Um pequeno flashback aqui: No meu primeiro dia no Tofo, acordei cedo e fui sozinha andar pela praia. Enquanto mergulhava, já me preparava pra sair quando vi uma menina entrando na água. Não sei porque fiquei – passou pela minha mente que poderia ser alguém que eu precisasse conversar. E era. Era Ana, uma das garotas portuguesas de cabelos esvoaçantes no ônibus infernal que tinha nos trazido ao Tofo.
Começamos a conversar, contei da minha viagem e ela logo falou que eu precisava falar com uma amiga sua – moçambicana, ela morava em São Paulo, mas estava no Tofo para o ano novo e tinha muito a falar sobre feminismo e as mulheres de sua terra. Seu nome era Lenna e ela era uma artista. Quando a vi cantar à noite no bar do Djonga, lacrimejei: tinha aquela voz familiar de mil almas e gerações juntas que só a ancestralidade consegue evocar – com outros sons que emanava da boca e das palmas e dedos, tocava em um lugar além do material, além dessa existência.
Nos encontramos várias vezes depois disso, mas no meio da festa e do ano novo a conversa sempre ficava pra depois – até que fui embora pra Vilanculos e Lenna virou minha única frustração no Tofo. Agora, por um acaso ou não, ela tinha se materializado em um workshop aleatório de dança. Ou melhor: eu tinha caído novamente de paraquedas em sua arte.
E o que estava acontecendo ali? Uma manifestação espontânea. Lenna esteve viajando esse tempo todo por Moçambique com Rubens, um dançarino e coreógrafo brasileiro que nos últimos anos tem feito pesquisas sobre danças e ancestralidades do continente africano. Como ferramenta de resistência em uma colonização que proibia religiões, a dança também passou a ser uma herança pra negritude e, por isso, o que Rubens consegue resgatar é aplicado em seus workshops paulistas na sua Com.Uns, muitas vezes voltados pra jovens da periferia, pra incentivar que essa galera continue ressignificado símbolos de sua orgiem e resistindo e criando com o corpo.
Foi nessas que ele e Lenna tiveram a ideia de organizar um projeto relâmpago pra repassar isso à galera de Polana Caniço: aulão de quinta-feira a sábado com apresentação na rua no domingo justamente pra convidar o público a ressignificar os símbolos da negritude e da dança com eles.

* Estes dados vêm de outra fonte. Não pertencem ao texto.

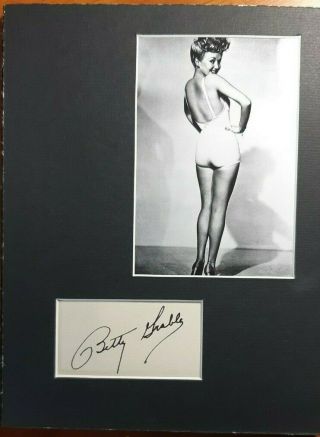 Betty Grable " Pin - Up Girl " Authentic Autograph 8 X 10 Photo Display W/coa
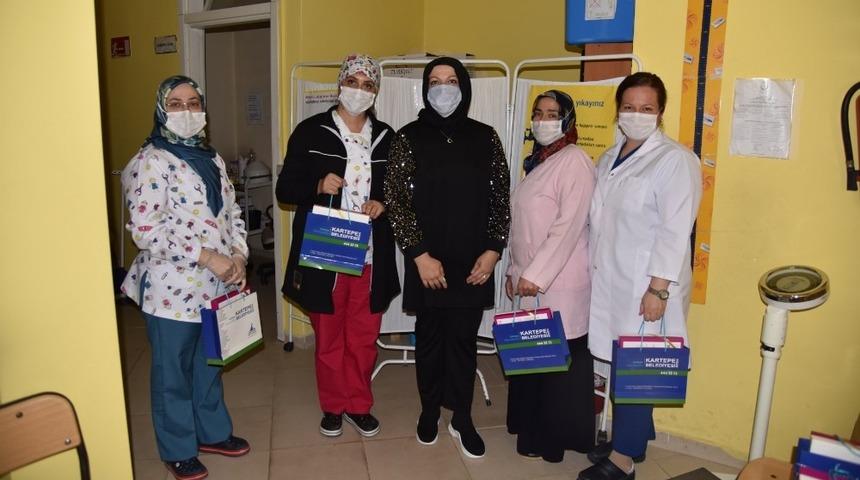 Kartepe’de sağlık çalışanlarına bayram hediyesi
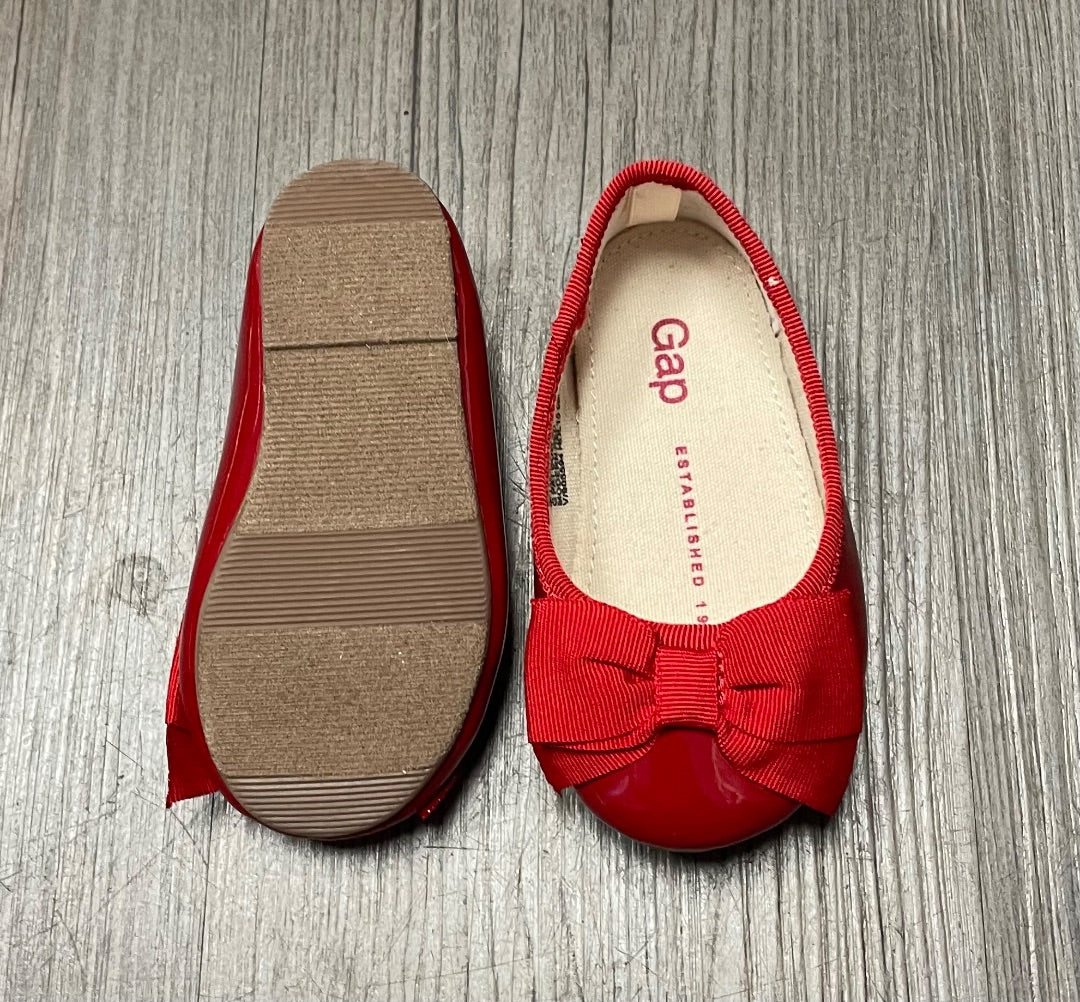 Red Gap Flat Shoes, 5T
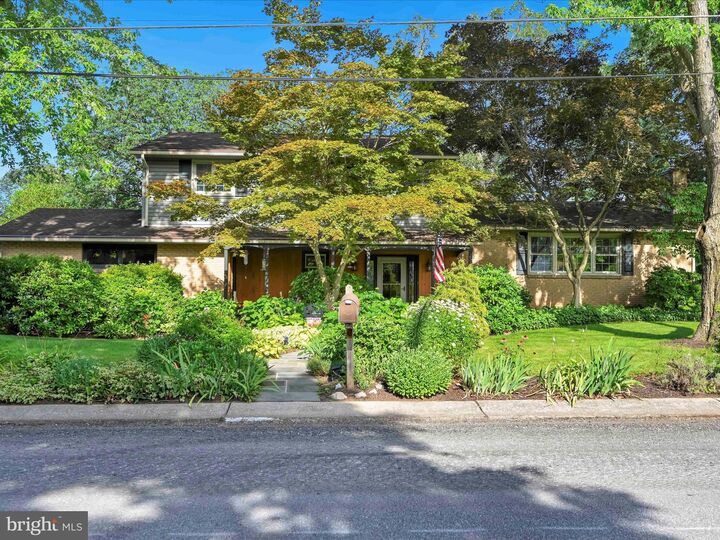 Property Photo:  8 Wintermere Road  PA 17042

Tive a honra de acompanhar tudo de perto, ver um a um se abrir e vibrar com mais força a cada ensaio. A luz no salão me fascinava enquanto eu fotografava tudo – já não sabia se vinha da janela ou dos corpos. E não, no final não consegui conversar com Lenna. O que estava em ação era maior no momento e o fato de ter sido articulado por ela já dizia muito sobre o poder de criação e inclusão do feminino que ela materializava.
No domingo de manhã, o grupo dançou no calçadão entre um shopping e o mar. À tarde, os corpos se multiplicaram no ritmo da favela e todo mundo que assistia entrou junto.
Testemunhei aquelas vidas ganhando força e movimento nas ruas de Maputo – porque segui os passos de dança que o universo ensina, juntando acordes de acasos, formando uma melodia mais antiga que qualquer ancestralidade… e que qualquer um pode ouvir se apenas se deixar levar.